Ce jeu rassemble deux types de participants :
1) des participants avides de découvrir les secrets du jeu => les joueurs ou CELLULIS.
2) un participant privilégié qui les connait tous, du moins c'est ce qu'il croit-il au départ => le maître du jeu ou AIGUILLEUR de Sens.
Dans ce jeu, chaque joueur est invité à endosser le rôle d'un simulacre. Ces derniers vivent dans un monde dont l'architecte est Sens. Le maître du jeu est donc l'Aiguilleur de Sens. Il est le "porte-parole" de Sens. Il n'a qu'à décrire les choses pour qu'elles soient. Son langage est performatif. S'il dit "il y a une table et, autour d'elle, quatre chaises" alors il y a une table et, autour d'elle, quatre chaises.
A travers leurs sens, les simulacres des joueurs perçoivent la réalité décrite par l'Aiguilleur de Sens et donc, à travers lui, ils perçoivent Sens Lui-même (car l'architecte et son monde, comme chez Spinoza ou chez Wittgenstein, sont ici confondus ou presque). L'Aiguilleur a pour rôle de présenter des scènes, des lieux et des personnages dont les seuls objectifs sont d'être les porteurs de problématiques existentielles. Ces personnages, ces lieux, ces décors engendrent des problèmes, des problématiques et, bien entendu, pour résoudre ces problèmes et avancer dans le jeu, les joueurs n'ont d'autre choix que de réfléchir à ces questions, c'est à dire, de se poser les questions.
Dans Sens Renaissance, il s'agit d'un univers que l'on qualifierait volontiers de post apocalyptique, le jeu parle d'Empire galactique, de Résistance, de Liberté, de Déterminisme, autant de thématiques familières et accessibles immédiatement. Les personnages partent d'un lieu clôt souterrain (la base du pôle-Sud) pour finalement s'en libérer (conquête de la surface de la Terre). On retrouve des thématiques classiques de l'héroisme : l'ascension, la libération, des combats contre des titans, des monstres marins ou des créatures fantasmagoriques (les quadrillas).
Ce jeu, Sens Renaissance, a été originellement conçu comme un piège pour attirer, dans Sens, une clientèle geek, fan de sujets divers tels que l'informatique, le cinéma, le jeu-vidéo, le jeu de rôle, la science, la science-fiction, etc. Mais, en réalité, si le jeu parle de la libération des simulacres, les Cellulis, les joueurs, quant à eux, sont en train de s'enfermer dans l'univers de Sens. Ils font - pour ainsi dire - le jeu de Sens, en manifestant le désir d'en savoir toujours plus, d'en voir toujours plus et de faire vivre leur simulacre dans cet univers. Beaucoup d'avertissements sont pourtant donner, mais ils le sont de façon cryptée. Des personnages de Sens répètent à l'envie qu'"il est des choses qu'il vaut mieux ignorer". Dans la première épreuve, par exemple, un poète peut tuer par ses œuvres. Les joueurs sont ainsi, discrètement avertis du danger du jeu et du piège dans lequel ils sont en train de tomber. Mais ils continuent de jouer, continuent de lire... le caractère crypté des révélations ne fait qu'attiser leur curiosité, pour le plus grand plaisir de Sens.
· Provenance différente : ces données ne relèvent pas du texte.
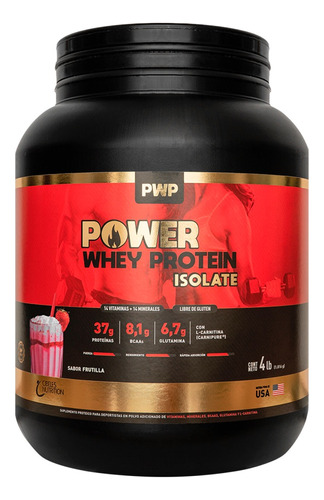 Proteina Power Whey Protein Isolada Cibeles 4lb No Days Off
Ainsi chaque scène de Sens est potentiellement porteuse d'un double langage à destination des simulacres ou des joueurs. La réalité et la fiction se mêlent lentement l'une à l'autre et, progressivement, les enjeux des simulacres deviennent ceux des joueurs et inversement. Les problématiques philosophiques s'exportent ainsi de Sens (le jeu) vers la réalité. Le système portent également les joueurs à s'interroger sur leur simulacre et inversement. Je ne rentre pas dans ces considérations techniques.
Dans Sens Mort, c'est la société contemporaine qui se retrouvent critiquée, caricaturée par l'Aiguilleur de Sens. Dans Sens Néant, un monde fait de sentiments, les joueurs sont interrogés sur les notions de propriétés et d'appartenance chères à nos économies contemporaines. A travers des sens étrangers et une vision du monde radicalement différente, le jeu tente de proposer une altérité à notre humanité pour favoriser un retour réflexif sur nous même, etc.
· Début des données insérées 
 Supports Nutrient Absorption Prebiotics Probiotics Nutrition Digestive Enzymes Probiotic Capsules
Sens est une hexalogie. Qui sait ce que réserve Sens Cosmo, Sens Chaos et Sens Création ? Les joueurs savent pourtant que c'est un piège. Les joueurs savent que s'ils finissent Sens, ils le libéreront. Mais le désir d'aller au bout de cette expérience est plus fort que tous les avertissements. Le désir de connaître est plus fort que la sagesse. Et c'est peut-être là le propos central de Sens : l'idée que l'humain, en dépit de tous les avertissements et de tous les dangers, est incapable de s'arrêter de penser, de chercher et de creuser. L’ataraxie n'est pas humaine et l'humain - qu'il le veuille ou non - est déterminé à devenir Sens, à devenir l'architecte de son propre monde.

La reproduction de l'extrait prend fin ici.